Question

A bead of mass $m$ can slide on a thin vertical rod, with sliding friction coefficient $\mu = 0.4$. The rod is translated horizontally with a constant acceleration $a$. For what value of $a$ will an observer on earth see equal horizontal and vertical components of the acceleration of the bead?

Answer 1

This question is based on the concept of sliding friction. So, in this question first we need to find the value of the horizontal and the vertical component of force and with the help of it, we need to find the horizontal and the vertical component of acceleration. Then we will equate the two components, as they are given equal in the question.

Complete step by step answer:
The diagram of this question is,

Given, the bead is sliding vertically down with friction which will oppose it.The following are the forces acting on the bead:
(A) The normal force $N$ exerted on it by the rod in the horizontal direction.
(B) The force of sliding friction $\mu N$ which acts vertically upward.
(C) Its weight $mg$ in the vertically downward direction.
Net force in the vertical direction ${F_V} = Mg - \mu N$.
Net force in the horizontal direction ${F_H} = Ma$.

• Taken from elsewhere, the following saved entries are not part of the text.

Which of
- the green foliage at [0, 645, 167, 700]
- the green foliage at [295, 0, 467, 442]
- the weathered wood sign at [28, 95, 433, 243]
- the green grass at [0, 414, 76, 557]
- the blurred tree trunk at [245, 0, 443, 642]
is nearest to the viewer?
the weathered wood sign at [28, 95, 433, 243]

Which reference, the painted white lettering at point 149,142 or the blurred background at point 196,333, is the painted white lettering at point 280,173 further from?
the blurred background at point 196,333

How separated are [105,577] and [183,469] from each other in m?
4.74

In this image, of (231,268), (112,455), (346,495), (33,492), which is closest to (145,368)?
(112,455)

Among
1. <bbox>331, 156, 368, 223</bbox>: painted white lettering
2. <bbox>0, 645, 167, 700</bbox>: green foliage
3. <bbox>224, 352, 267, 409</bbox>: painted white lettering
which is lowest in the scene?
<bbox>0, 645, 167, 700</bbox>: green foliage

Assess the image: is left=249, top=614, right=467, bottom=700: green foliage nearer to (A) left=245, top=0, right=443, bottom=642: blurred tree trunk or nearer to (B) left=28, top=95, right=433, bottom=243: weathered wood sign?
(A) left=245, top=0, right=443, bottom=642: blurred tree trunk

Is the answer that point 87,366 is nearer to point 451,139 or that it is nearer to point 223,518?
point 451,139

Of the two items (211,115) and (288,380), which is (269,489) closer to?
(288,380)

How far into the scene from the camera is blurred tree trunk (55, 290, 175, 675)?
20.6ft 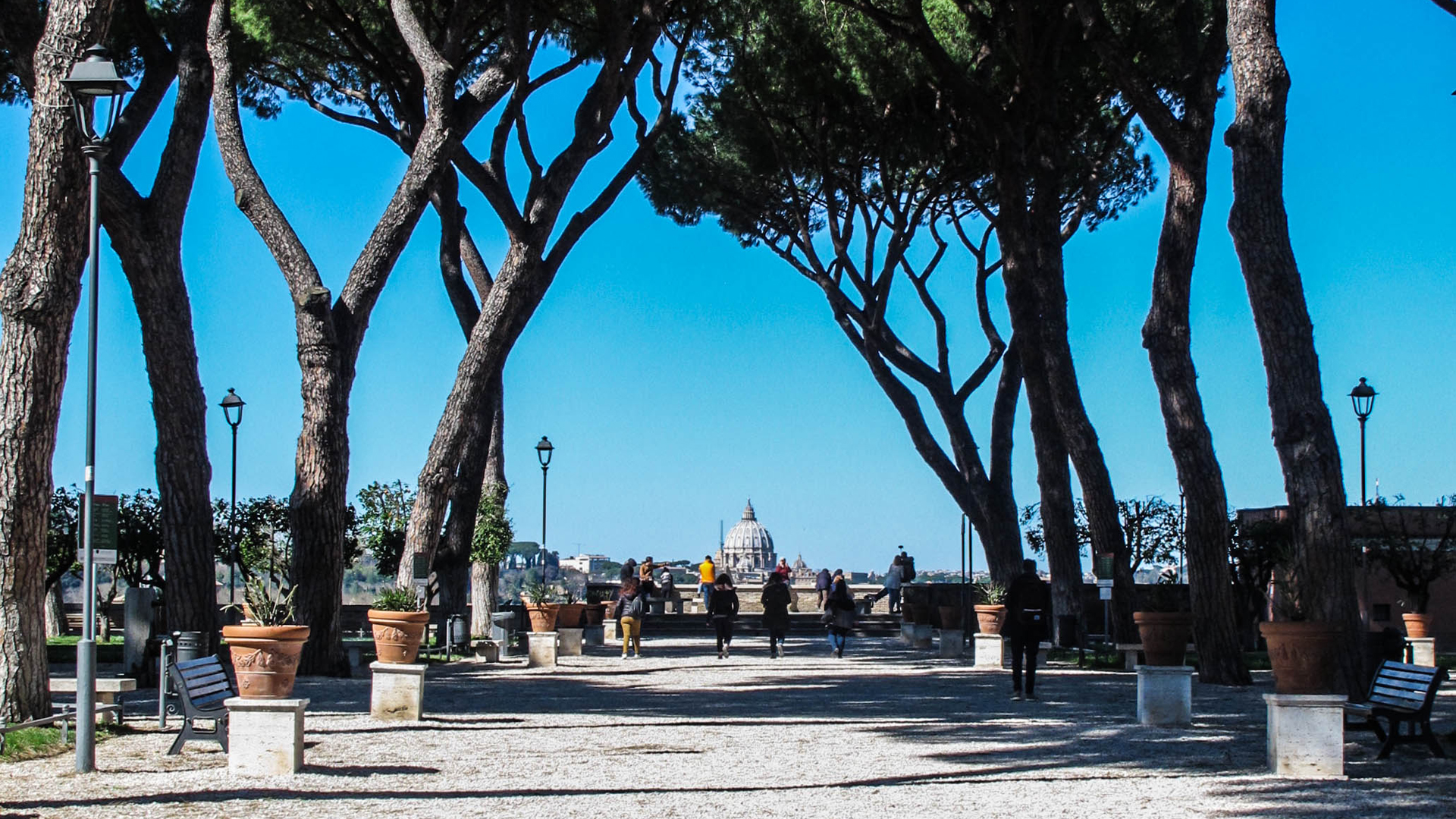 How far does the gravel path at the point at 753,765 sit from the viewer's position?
691 centimetres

The normal force is $N = ma$, as the normal force is acting in the horizontal direction.Now, we need the value of $a$ for which the observer on earth can see equal horizontal and vertical components of the acceleration of the bead. So, horizontal component of acceleration $=$ vertical component of acceleration
$\dfrac{{Mg - \mu N}}{M} = \dfrac{{Ma}}{M}$
On putting $N = ma$,
$\dfrac{{Mg - \mu Ma}}{M} = \dfrac{{Ma}}{M}$
$\Rightarrow Mg - \mu Ma = Ma$

On cancelling $M$ on both the sides,
$g - \mu a = a$
$\Rightarrow a + \mu a = g$
On taking $a$ as common on LHS,
$a(1 + \mu ) = g$
$\Rightarrow a = \dfrac{g}{{1 + \mu }}$
We know that $g = 9.8\dfrac{m}{{{s^2}}}$ and $\mu = 0.4$(given),
$a = \dfrac{{9.8}}{{1 + 0.4}}$
$\Rightarrow a = \dfrac{{9.8}}{{1.4}}$
$\therefore a = 7\,{m}{s^2}$

Hence, the value of $a$ for which an observer on earth can see equal horizontal and vertical components of the acceleration of the bead is $a = 7\,{m}{s^2}$.

Note: Normal force is contact force. Normal force is also known as a normal reaction force. This force acts only when an object is in contact with another object. But if there is no contact between two objects then the normal force does not act. The SI unit of normal force is Newton.